C'est à vrai dire une histoire banale : celle du délitement, avec l'usure de la routine, de ce qui faisait le ciment du couple et de la vie de famille...

... quand on réalise qu'on a délaissé, l'une après l'autre, ces petites attentions et ces habitudes en soi sans importance (la chanson entonnée par tous à un moment précis qu'on est les seuls à savoir identifier, l'école buissonnière autorisée à l'occasion du premier match de la saison de baseball...), mais qui rassurent sur la persistance de l'amour dont on est l'objet,

... quand les envies, les émotions que l'on tait, par pudeur -une pudeur nouvelle, injustifiée mais incontrôlable-, ou parce qu'on se fait une fausse idée de la maturité, deviennent plus nombreuses que celles que l'on partage,

... quand le fait d'être avec l'autre aliène notre propre vie intérieure, qu'on a l'impression de se perdre, et que plus on réalise que le temps est précieux, moins on en dispose ; que l'on aspire à toujours plus d'espace et de de silence,

... quand on ne dit plus ce que l'on pense, et qu'on ne pense pas ce que l'on dit, qu'on a fait le deuil des promesses mutuelles de sincérité, et qu'à force d'accumuler les maladresses, les mots mal choisis, les silences imposés, on s'installe, de manière inconsciente, dans la certitude permanente de subir un affront qu'il faudra bien un jour venger,

... quand à force de promiscuité domestique mais d'élargissement de la distance intime, de remplacements des rituels amoureux par des rituels domestiques, on désapprend à se connaître,

... quand on dissimule derrière les tâches que l'on s'impose, liées à l'administration de la vie de famille, des blessures non identifiées mais présentes, des traumatismes en apparence anodins, mais qui peu à peu sapent les bases de la relation en entretenant la résignation, la rancune, le besoin d'auto défense,

... quand, pour résumer, on éprouve le sentiment, latent mais permanent, de n'avoir pas trouvé le bonheur, sans savoir au juste où le chercher.

"L'intérieur de la vie devient beaucoup plus petit que son extérieur, ouvrant une cavité, un néant"

"Me voici" décortique les longs et douloureux moments de cette prise de conscience, quand le mal-être jusque-là trop profondément enfoui pour qu'on le reconnaisse émerge peu à peu.
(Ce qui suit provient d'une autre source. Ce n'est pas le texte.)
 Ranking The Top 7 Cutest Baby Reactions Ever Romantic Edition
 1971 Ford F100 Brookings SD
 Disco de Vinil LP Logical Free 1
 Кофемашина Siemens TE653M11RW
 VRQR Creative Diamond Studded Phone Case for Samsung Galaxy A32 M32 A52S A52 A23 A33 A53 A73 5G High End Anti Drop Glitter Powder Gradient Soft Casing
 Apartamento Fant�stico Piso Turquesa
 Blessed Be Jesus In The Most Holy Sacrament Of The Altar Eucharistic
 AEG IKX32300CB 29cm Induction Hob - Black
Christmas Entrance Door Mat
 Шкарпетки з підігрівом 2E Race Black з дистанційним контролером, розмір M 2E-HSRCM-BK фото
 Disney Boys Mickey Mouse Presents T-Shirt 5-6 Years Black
Une histoire donc banale... mais Jonathan Safran Foer est un écrivain BRILLANT (c'est le qualificatif qui m'est spontanément à l'esprit en refermant ce lourd volume), et vous le savez aussi bien que moi, ce n'est pas ce qui est raconté qui importe, mais comment ça l'est. Et ça l'est, en l'occurrence, avec une intelligence, un humour et une acuité qui rendent la lecture jouissive !
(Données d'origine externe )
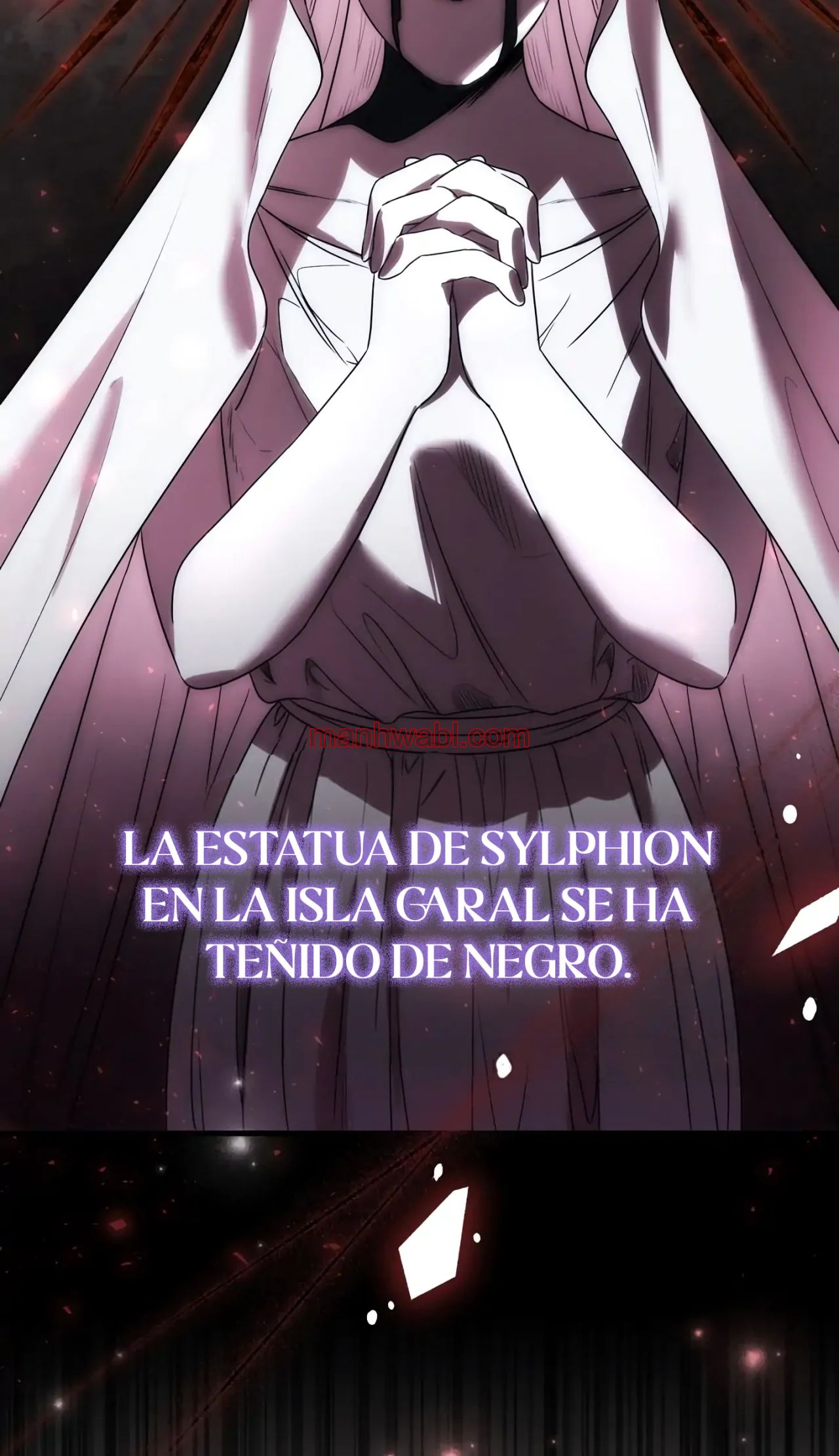 Un matrimonio que decide el destino del mundo - Capítulo 8 manhwa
Alternance de joutes verbales au cours desquelles les héros rivalisent de finesse d'esprit, d'ironie, et de passages narratifs nous livrant les méandres des questionnements auxquels Jacob Bloch -le chef de famille-, rattrapé par sa propension à tout intellectualiser et ses excès de pusillanimité, perdu entre ses fantasmes et ses doutes, est en proie, "Me voici" est aussi le portrait d'une certaine Amérique, celle d'une classe bourgeoise autocentrée sur des préoccupations futiles, individuelles et matérialistes, dénuée d'idéal humaniste, qui à force de croire que procurer à l'autre sécurité et confort matériel c'est l'aimer, en oublie ce qu'est le simple don de soi.
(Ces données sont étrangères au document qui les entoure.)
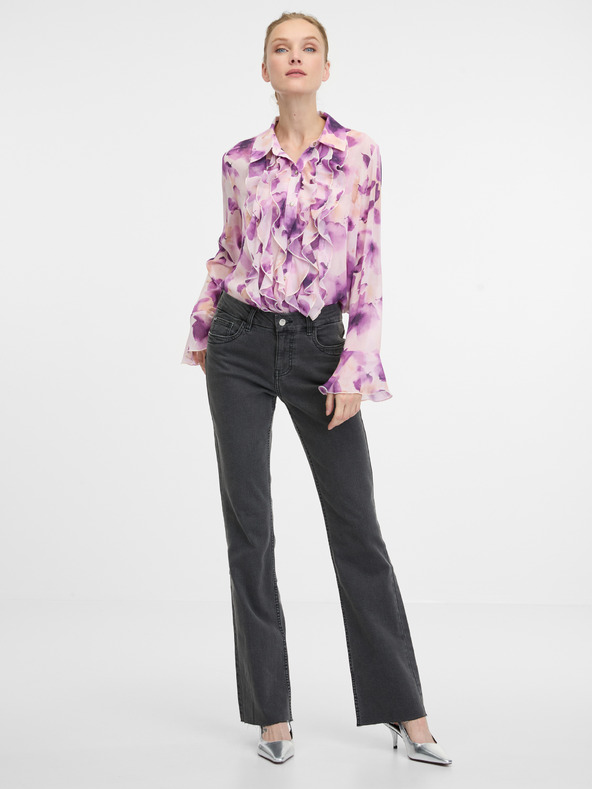 Orsay Růžová dámská halenka ORSAY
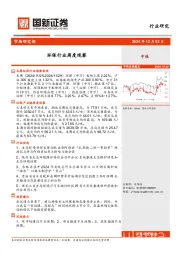 环保行业周度观察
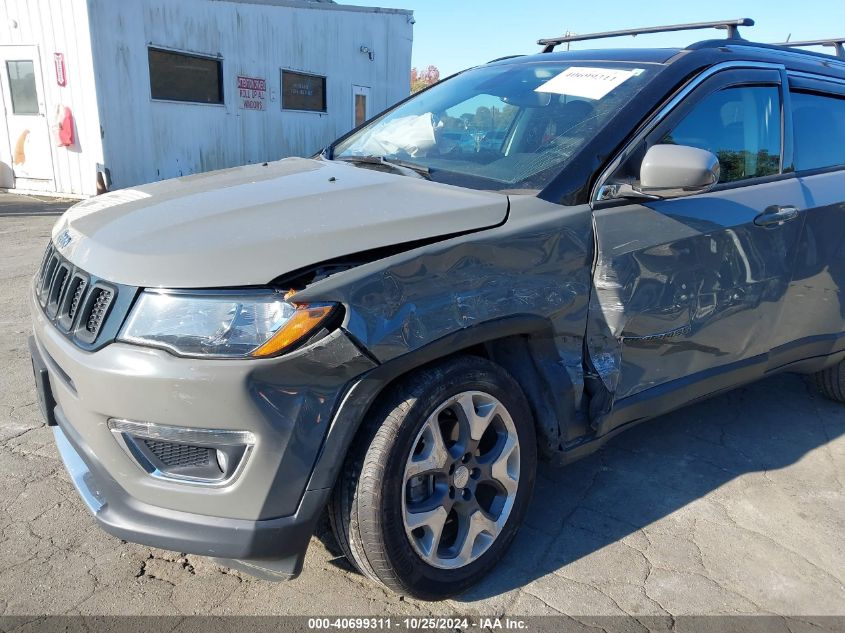 2019 Jeep Compass Limited 4X4 VIN: 3C4NJDCB7KT842282 Lot: 40699311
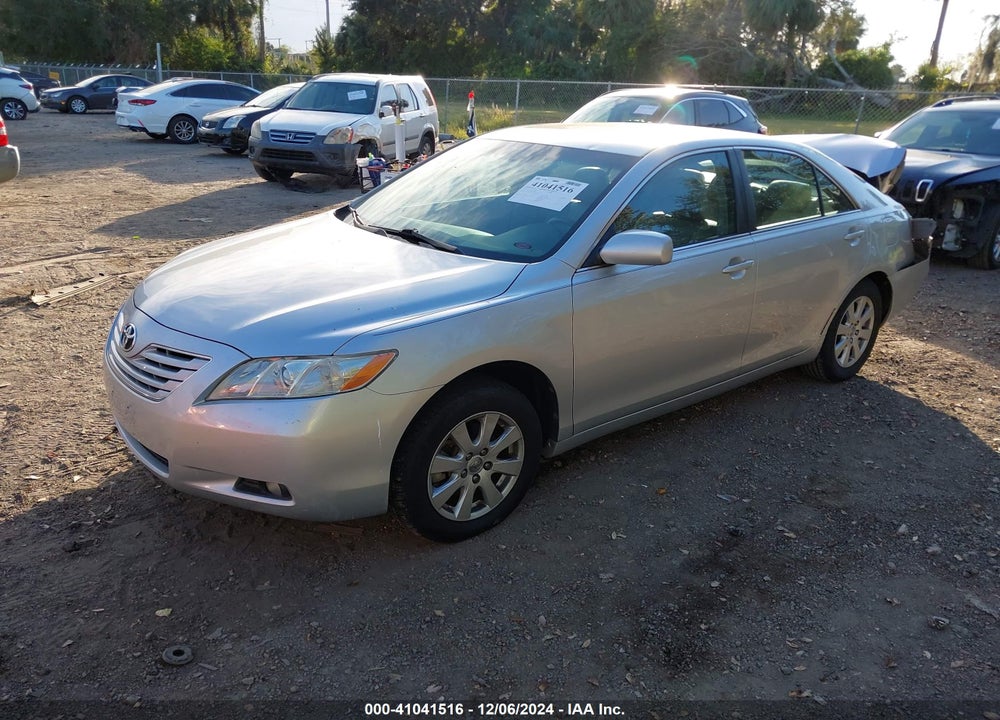 2009 TOYOTA CAMRY XLE VIN: 4T1BE46K79U373631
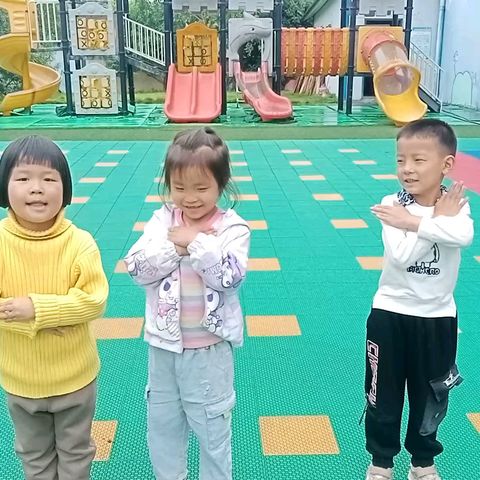 幼见期末，——农校中班幼儿园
Paradoxalement, l'une des plus grandes qualités de ce roman foisonnant en est aussi sa limite. A force d'être brillant, il en devient parfois clinquant, notamment lorsque l'auteur dote les enfants du couple Bloch d'une capacité au raisonnement et à la répartie peu crédible compte tenu de leur jeune âge (où alors c'est que mes propres enfants sont complètement débiles). Mais on lui pardonne facilement cette tendance à l'excès, qui est finalement l'occasion de nous livrer des dialogues féroces et percutants.